As described above, work macros and work conditions are prepared according to the work contents that can be selected, and the work macros are combined in accordance with the order of the table created in step S4, whereby a manipulator work program is automatically generated.
As described above, in the present invention, the manipulator that works for each part is set, the position and orientation of the waypoint of the part is set according to the determined assembling procedure, and the work content corresponding to that is set and set. By taking the procedure of creating a work program for multiple manipulators from a combination of work macros that realize the work content, a work program for multiple manipulators can be generated based on the assembly procedure intended by the teaching worker, In addition, a work program can be efficiently generated in a short time.
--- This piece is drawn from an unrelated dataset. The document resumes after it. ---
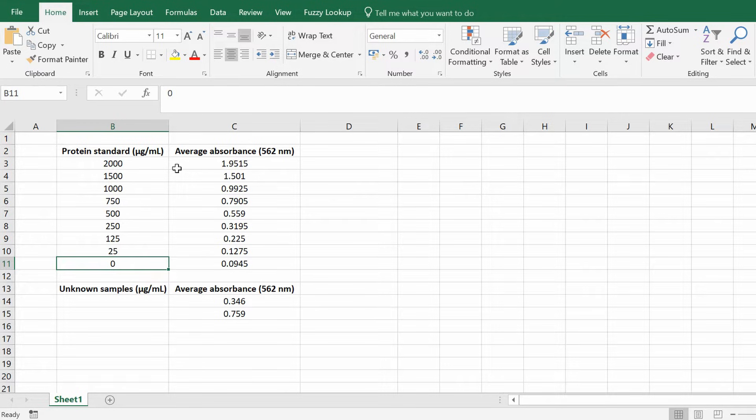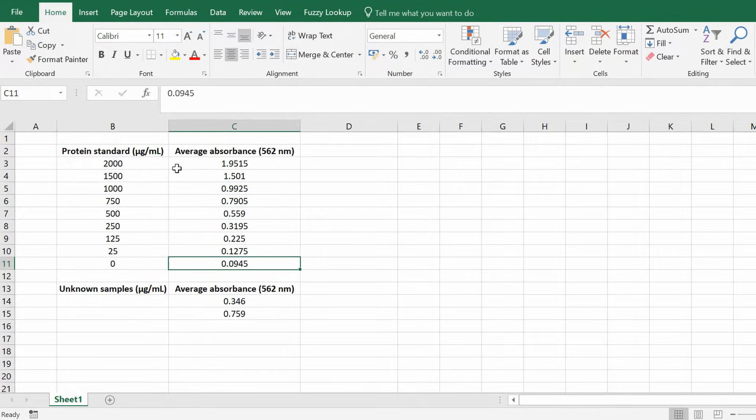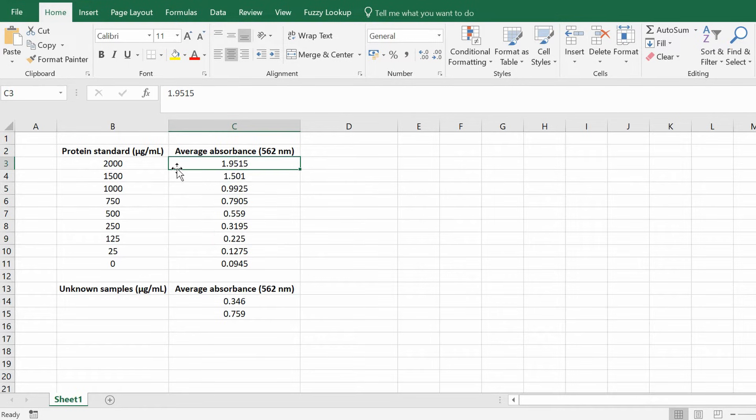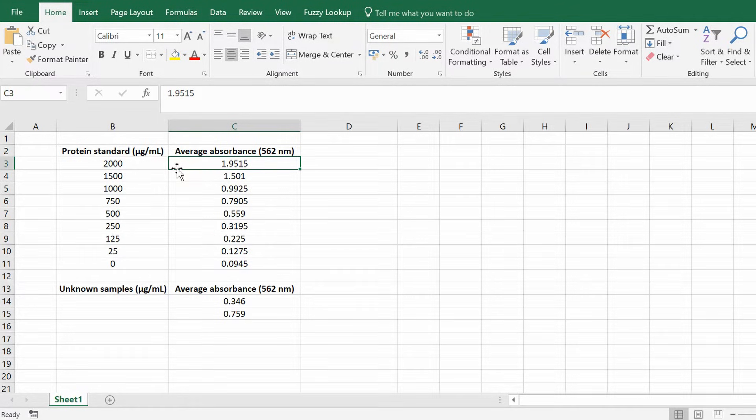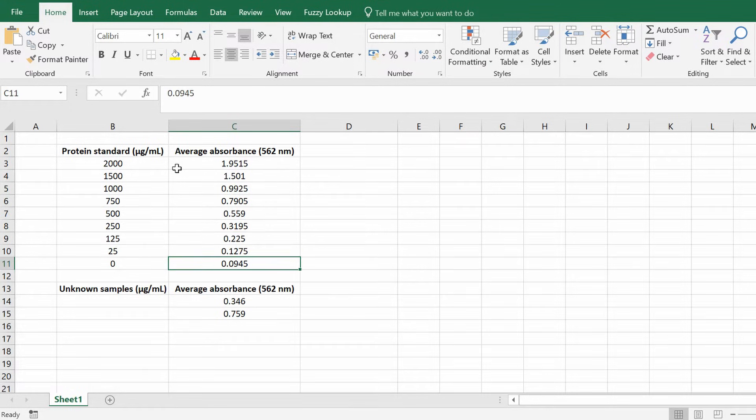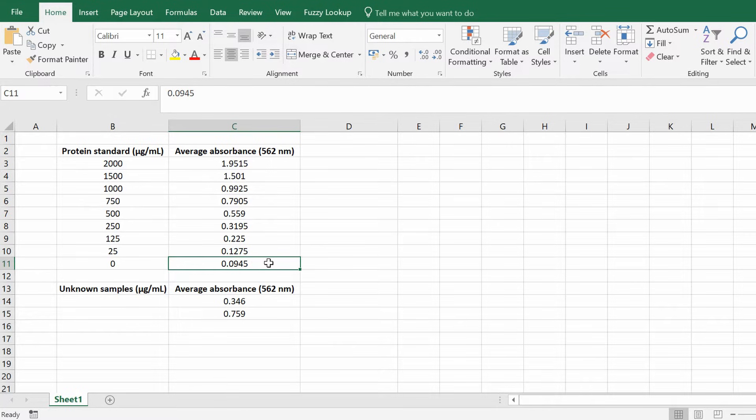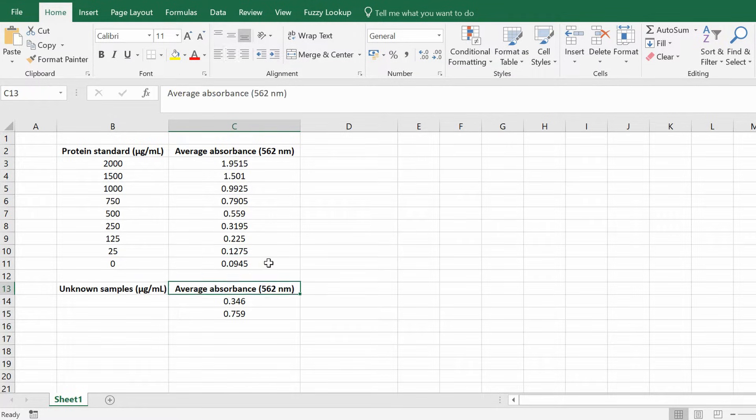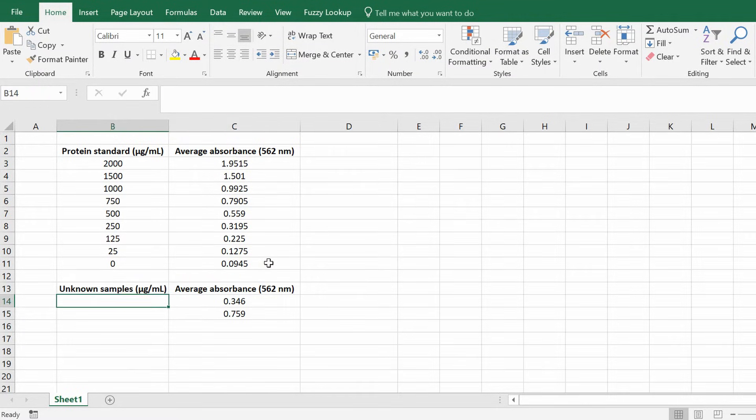So you've got 2000 micrograms per mil all the way down to 25 micrograms per mil. And I've also got a background sample which is no standard. So this is the background signal. And then by using a plate reader can measure the average absorbance for each of these samples and this is what's indicated in column C here. And then also notice that the background always gives you a very small amount of signal and then underneath this I have two unknown samples.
In the actual assembly work, the manipulator at the standby position approaches the part, moves away from the work, or moves one part with the other manipulator without directly operating the part. There are parts that need to move only the manipulator.
The operation of such a manipulator defines dummy parts 302 (part D) and 303 (part E) that do not actually exist as shown in FIG. 7 in the process (step S2) of setting the position and orientation of the via point of each part. Furthermore, a manipulator for operating the manipulator can be generated by designating a manipulator for operating the dummy parts and setting the position and orientation 3021 and 3031 of the via points of each dummy part.
Also in step S4, the work content to be executed at the via point of the dummy part set here is shown as No. in FIG. 1 or No. Set as in 8. By doing so, it is possible to include the approach operation to the part of the manipulator without moving the part and the retracting operation of the manipulator after completion of the assembly work in the work program automatically generated in step S5. Become.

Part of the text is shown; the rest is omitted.